Pengalaman buruk sebelumnya pun memiliki sumbangan pengaruh pada memburuknya kesehatan mental mahasiswa. Efek perundungan di tingkat pendidikan sebelumnya seakan terakumulasi di tingkat pendidikan tinggi ini. Contohnya, siswa korban bullying di tingkat SMP atau SMA, mereka mengalami kesulitan untuk bersosialisasi dan bekerja sama dengan orang lain.
Menurut Ari, mereka cenderung mengalami trust issue dan harga diri yang rendah. Sebab itu, mereka enggan melibatkan diri dalam kehidupan sosial mahasiswa pada umumnya. "Sekali lagi, efek bullying tidak selalu berakibat langsung, namun efek yang berkepanjangan dapat menimbulkan masalah mental di kemudian hari," katanya.
Penelitian di banyak negara menemukan adanya faktor keluarga dan permasalahannya sebagai salah satu pencetus bunuh diri di kalangan pelajar.

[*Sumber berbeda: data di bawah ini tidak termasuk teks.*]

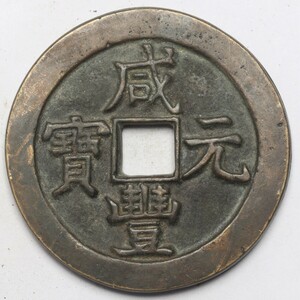 旧家蔵出し 中国古錢 清代 咸豐元寶 背 當千 銅錢 銅貨 古美術品 収集家 69.5g 55.8mm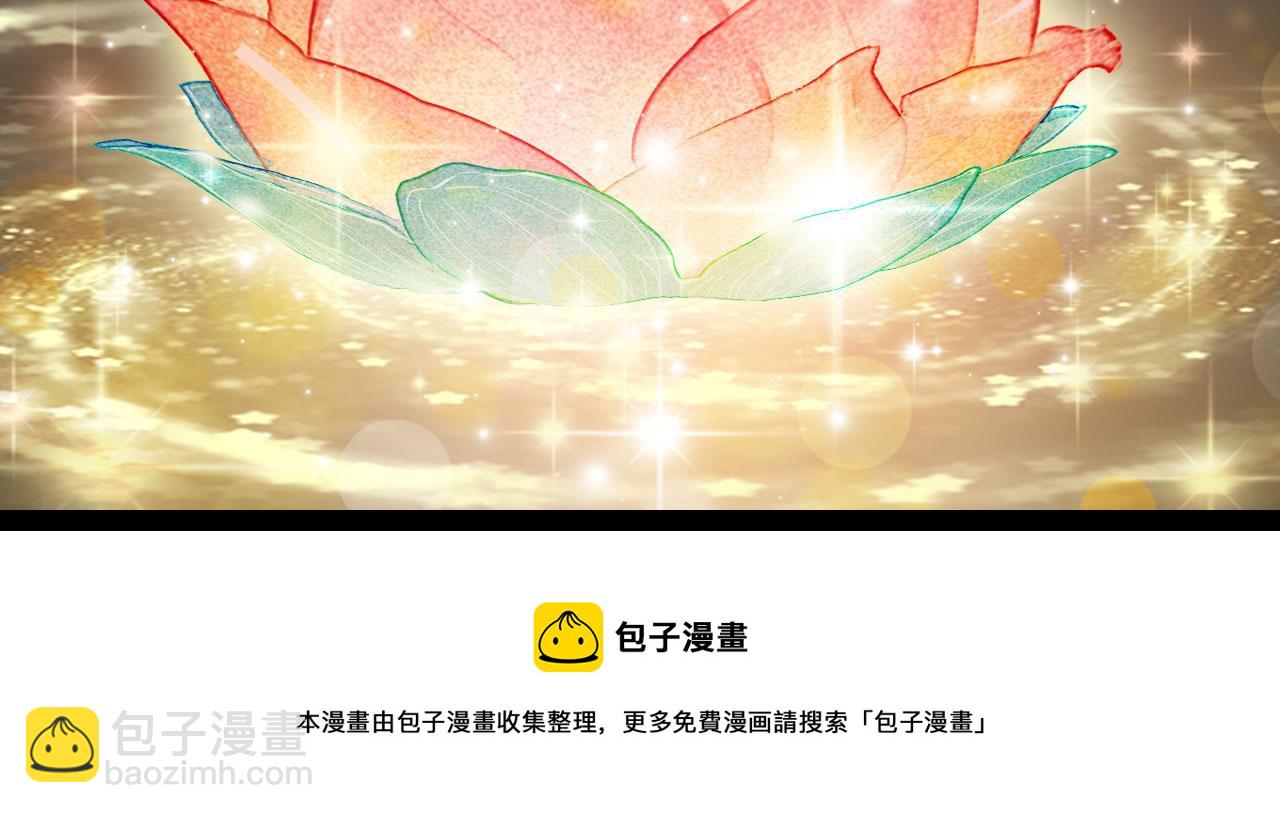 133话 旧伤(1/2)-第134话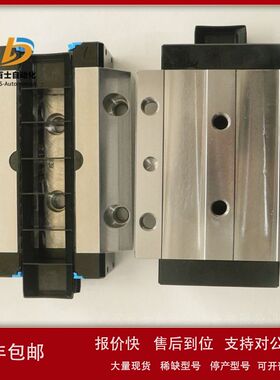 原厂原装质保一年滑块R165352310德国REXROTH力士乐议价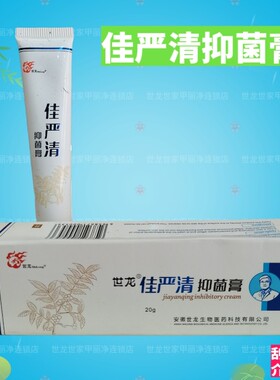 世龙世家佳严清抑菌膏20g 甲丽净 杀菌 指甲干净脚官方保证 包邮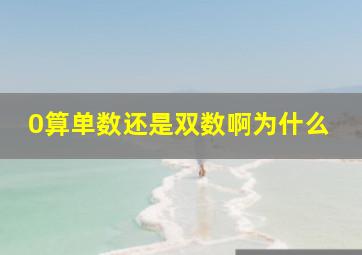 0算单数还是双数啊为什么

Dalam banyak layanan konseling, perselisihan mahasiswa dengan orang tua kerap muncul sebagai penyebab utama masalah mental. "Orang tua yang tidak menjalankan fungsi sebagai orang tua, orang tua yang berpisah, orang tua yang toxic dan menuntut adalah yang sering digambarkan oleh mahasiswa," jelasnya.
Penelitian di Kanada menunjukkan pengasuhan yang keras dikaitkan dengan peningkatan gejala agresi fisik remaja awal, agresi sosial dan keinginan bunuh diri pada remaja laki-laki. Lebih lanjut, perbedaan gender dalam perilaku bunuh diri telah dilaporkan secara global. Perempuan memiliki tendensi lebih tinggi untuk melakukan bunuh diri, namun laki-laki lebih berkomitmen untuk melakukan bunuh diri.
Berdasarkan data WHO pada 2018, setidaknya terdapat 15 kasus bunuh diri per 100 ribu laki-laki. Kemudian delapan kasus bunuh diri per 100 ribu perempuan terjadi secara global.
Selain beberapa faktor tersebut, ternyata media juga berperan dalam perilaku bunuh diri. Hal ini karena adanya fenomena perilaku meniru pada orang yang telah memiliki ide bunuh diri sebelumnya. "Bagaimana media memaparkan kasus bunuh diri menjadi penting karena ketika media salah merilis kasus bunuh diri justru akan memicu orang lain untuk mengikuti atau ingin mencoba perilaku bunuh diri tersebut," jelasnya.